Task to carry out: Could the records be returned exactly, with the pictures left out?

+++ Dataset

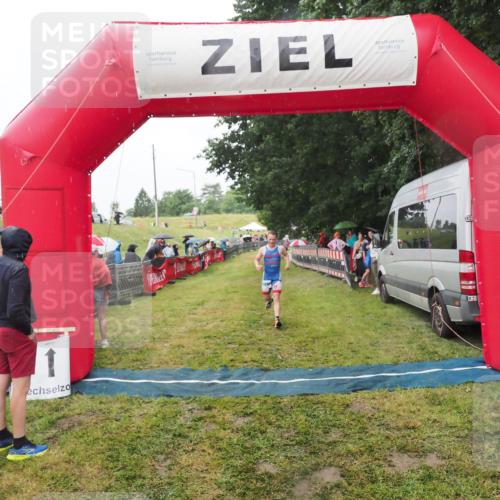 21.06.2025 - 27. Vierlanden-Triathlon MichiJ http://msf.ph/oto/8047662 15.06.2026 14:14:09 Ziel 1280 meine-sportfotos.de
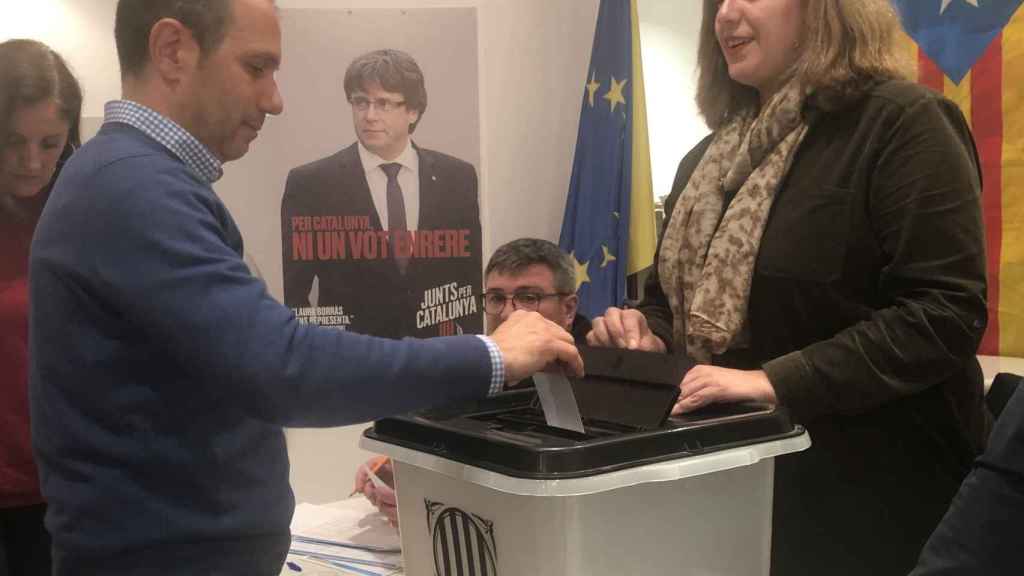 JxCAT vota en una urna del referéndum del 1-O pactar con el PSC en Molins de Rei, en marzo de 2020.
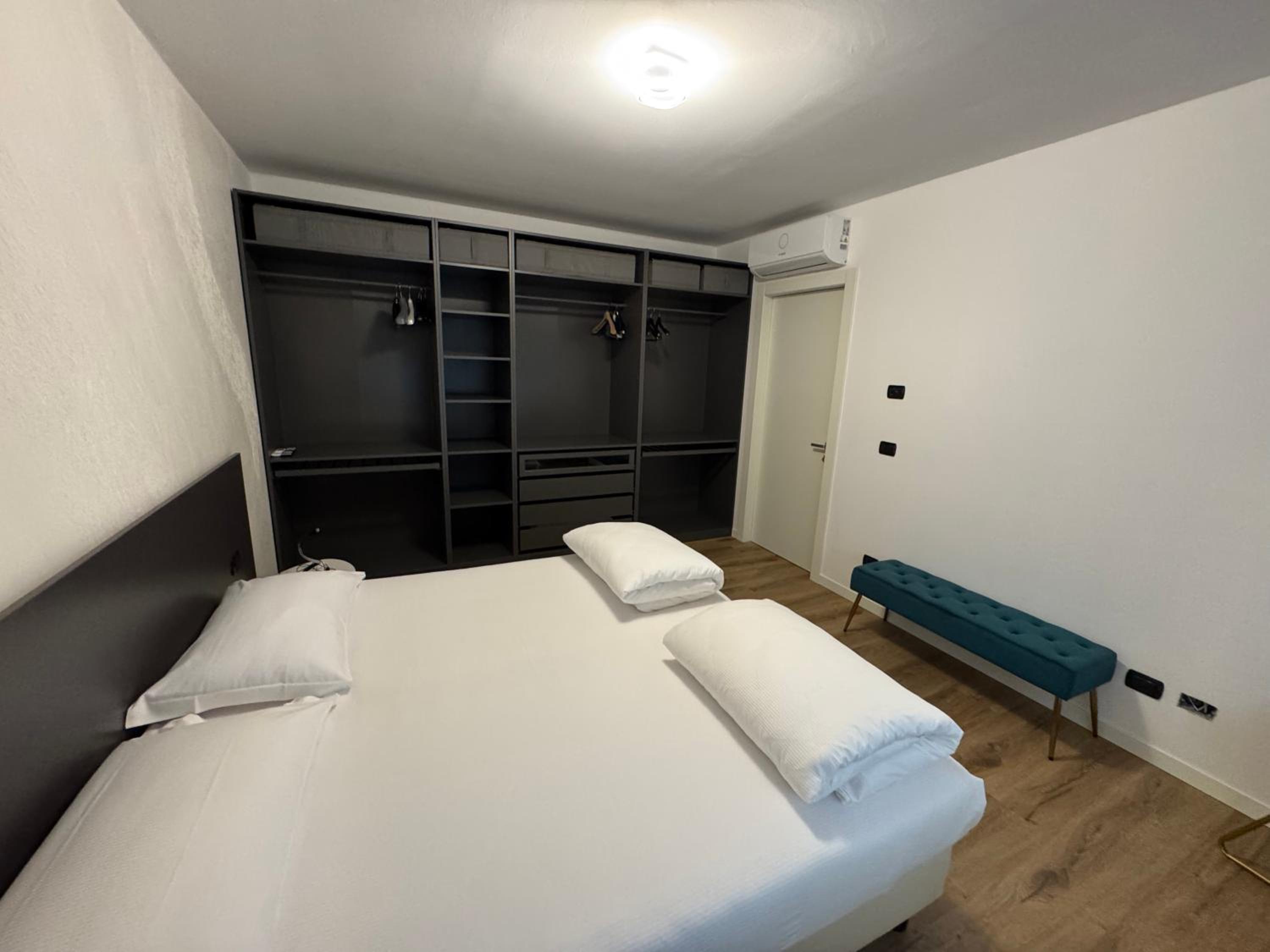 Three-Bedroom Apartment photo 1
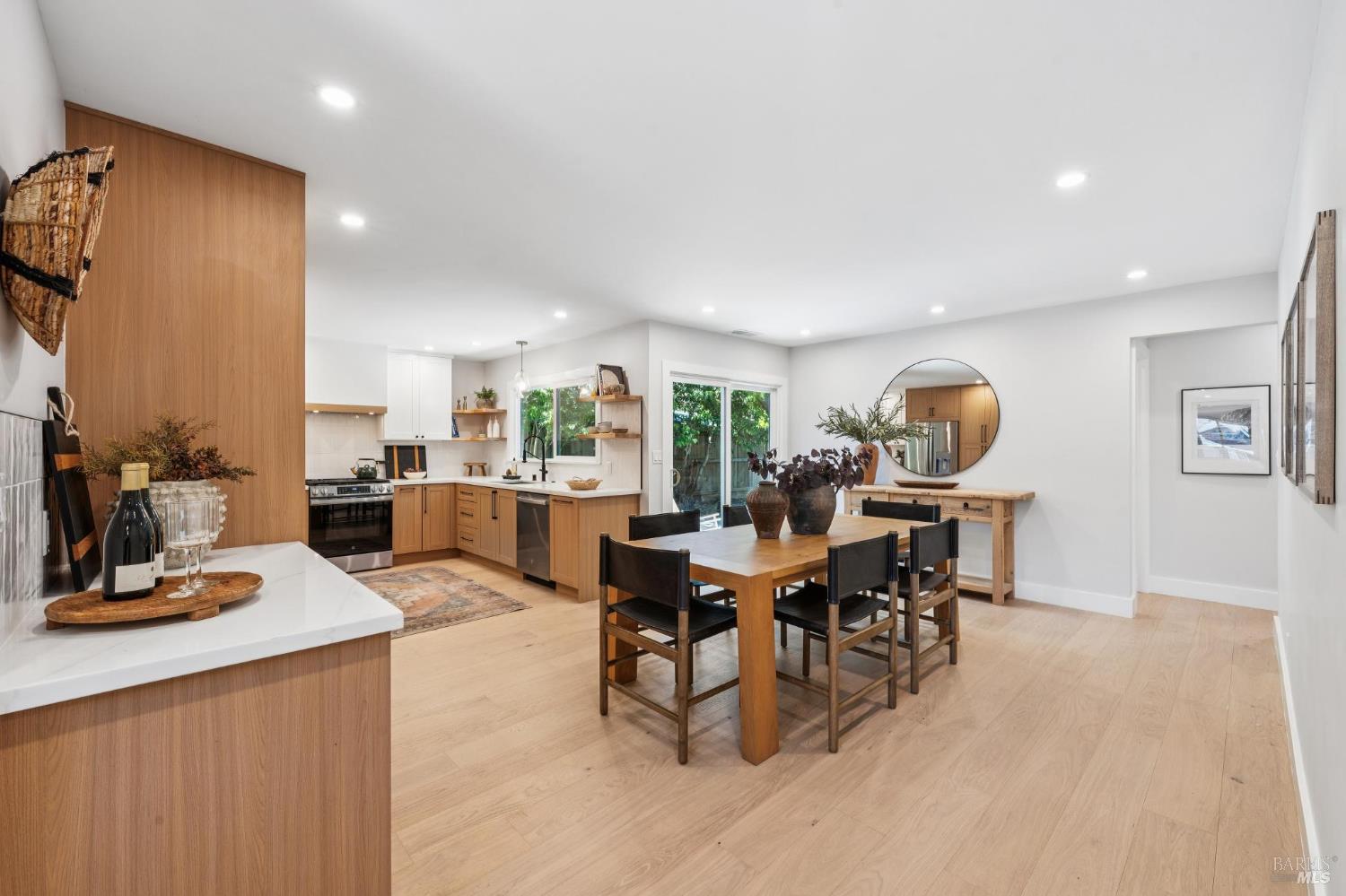 75 San Carlos Way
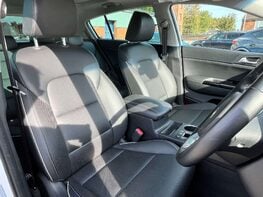 Kia Sportage 1.6 Sportage 4 CRDi ISG MHEV 4x4 Semi-Auto 4WD 5dr 75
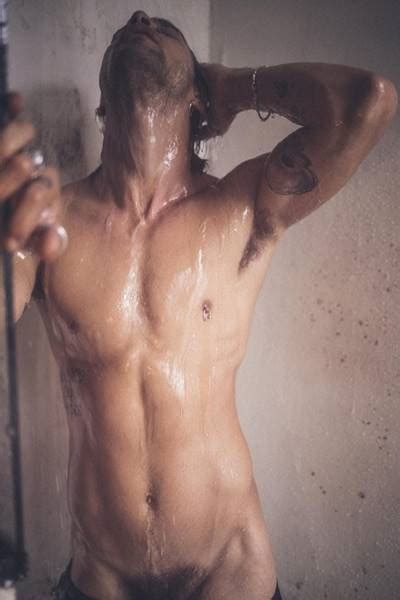 Naked Brazilian Men Famosos Brasileiros Nus Nipslip Pictures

++++++

The answer:
 21.06.2025 - 27. Vierlanden-Triathlon MichiJ http://msf.ph/oto/8047662 15.06.2026 14:14:09 Ziel 1280 meine-sportfotos.de
 JxCAT vota en una urna del referéndum del 1-O pactar con el PSC en Molins de Rei, en marzo de 2020.
 Three-Bedroom Apartment photo 1
 75 San Carlos Way
 Kia Sportage 1.6 Sportage 4 CRDi ISG MHEV 4x4 Semi-Auto 4WD 5dr 75
 Naked Brazilian Men Famosos Brasileiros Nus Nipslip Pictures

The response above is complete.